Pakistan-based terror groups such as LeT, the Taliban, JeM and al-Qaeda target India’s interests and goals in Afghanistan and pursue other objectives like creating sanctuaries and safe havens in tribal areas between Kabul and Islamabad, Afghan envoy to the UN has said.
“In Afghanistan, regional terrorist groups have cooperated with the Taliban based on their common goals and mutual interests. These groups include Lashkar-e-Taiba, Tehrik-i-Taliban Pakistan, Jaish-e-Mohammad, Al-Qaeda and Lashkar-e-Islam, Sipah-e-Sahaba, Islamic Movement of Uzbekistan, Eastern Turkistan Islamic movement.
“These groups pose a strategic threat to the security and stability of Afghanistan,” Permanent Afghan Representative Mahmoud Saikal said here at an open briefing of the Counter- Terrorism Committee on foreign terrorists yesterday.
He said these terror groups “pursue a few objectives” in Afghanistan, the main among them being “revival of the Islamic Emirate of Afghanistan, targeting India’s interests and goals in Afghanistan” and forming “strategic alliances with international terrorist networks in the region and world.”
These groups also seek withdrawal of foreign forces from Afghanistan, creating bases and safe havens in northern and north-eastern provinces and using them as a platform for “undermining and toppling” Central Asian “secular” governments, Saikal said.
They also pursue the objective of creating “sanctuaries and safe havens” in tribal areas between Afghanistan and Pakistan and along the Durand Line, the 2,430-kilometre long international border between Pakistan and Afghanistan.
He said there are 6,100 foreign fighters in Afghanistan, based mainly in eastern and north-eastern provinces.
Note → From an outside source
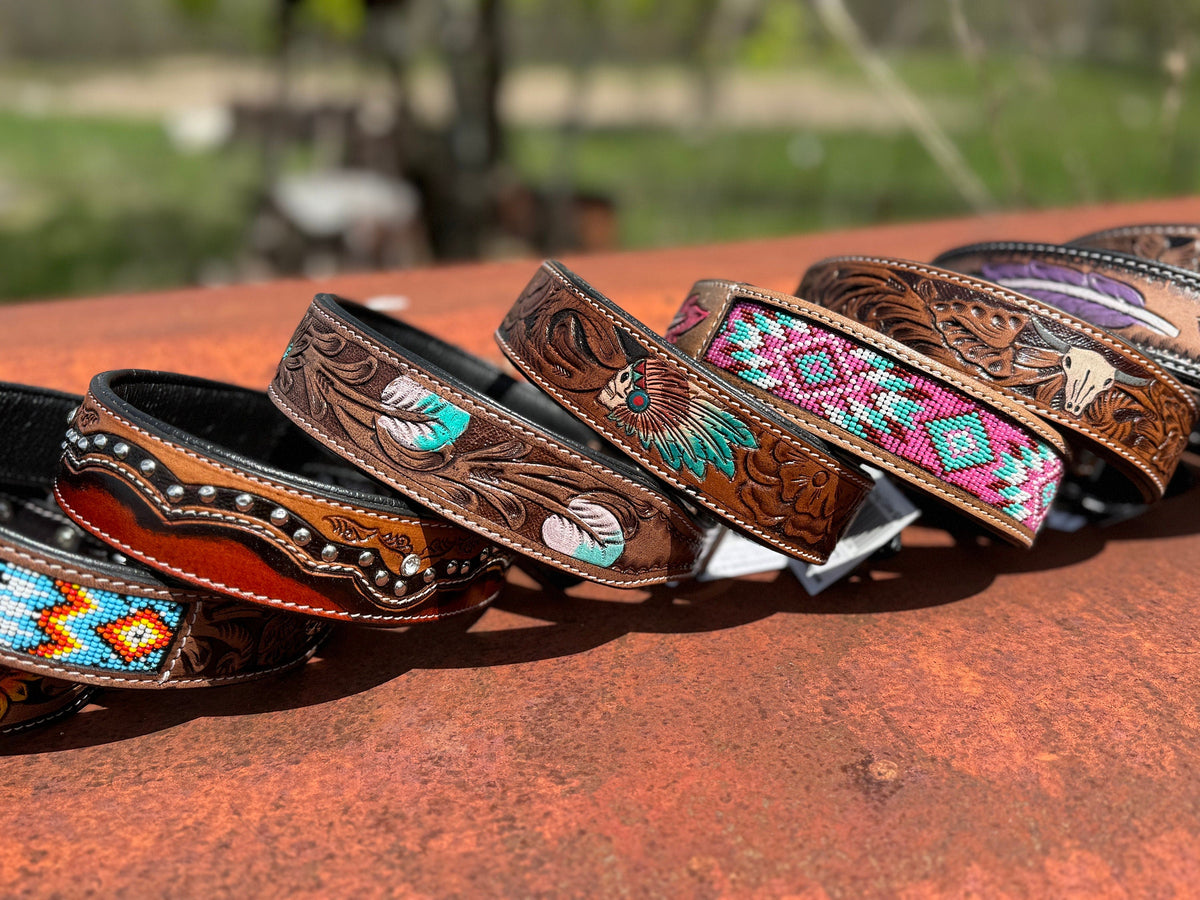 Leather dog collar tooled or beaded details skull sunflower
Among them about 1,800-2,000 have pledged allegiance to the ISIS.
“We also have Pakistani terrorist groups like JeM, Laskhar-e-Islam also cooperating with the Taliban in eastern and south-eastern provinces of Afghanistan,” Saikal said.
The threat of foreign fighters and regional terror groups are of “growing concern” to Afghanistan and the world, the Afghan envoy said.
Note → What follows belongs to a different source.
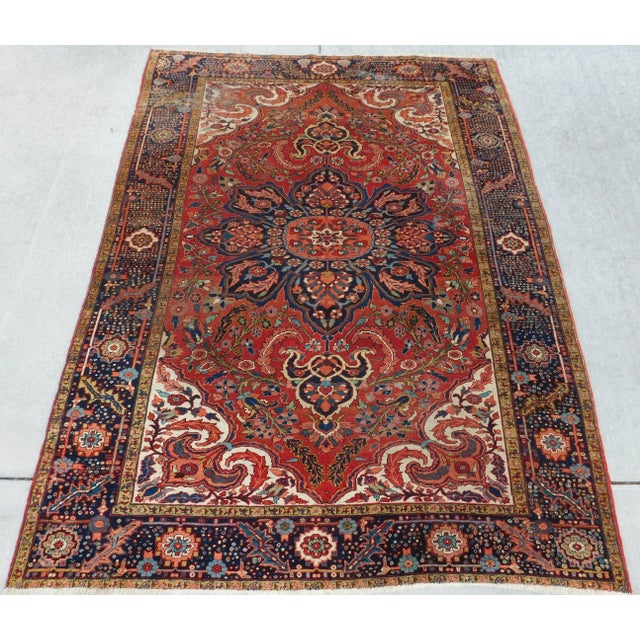 Antique Persian Heriz Rug 11'x 8'3" For Sale - Image 13 of 13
“Improving the implementation of counter-terrorism resolutions is crucial, especially the UN Security Council (resolutions). Speed is the essence and at the moment, terror is moving fast. I hope we can catch up with it soon,” he said.
In a scathing attack on Pakistan last month, Afghanistan had said the killing of notorious terrorist leaders, including Osama Bin Laden and Mullah Mansour in “safe havens” in Pakistan, prove that it violated sovereignty of other nations and the county needs political will and not “nuclear deals or F-16s” to take action against terrorists.
Saikal had accused “elements within the state structure of Pakistan” of facilitating most of the terrorist groups active in the region and had warned that a country using “good and bad terrorists” against each other is “playing with fire”.
Saikal had quoted President Ashraf Ghani’s address to joint sitting of the National Assembly where the Afghan leader had called on Pakistan to take action against terrorists who have their bases and leaders in the neighbouring country.
Despite Afghan National Defense and Security Forces dealing a heavy blow to ISIS and Al-Qaeda, the terror groups continue to position themselves to re-emerge in Afghanistan.
“Al-Qaeda has gone dark and deep. Other regional terrorist networks, with links to Central Asian republics, Chechnya and China are highly active in our region. Tehrik-i- Taliban Pakistan, in coordination with other terror groups, remains a long-term threat to the security and stability of our region,” Saikal had said.
“What is more important, most of these terrorist groups and networks enjoy the facilitation and orchestration services of elements within the state structure of Pakistan who believe in the use of violence in pursuit of political objectives.”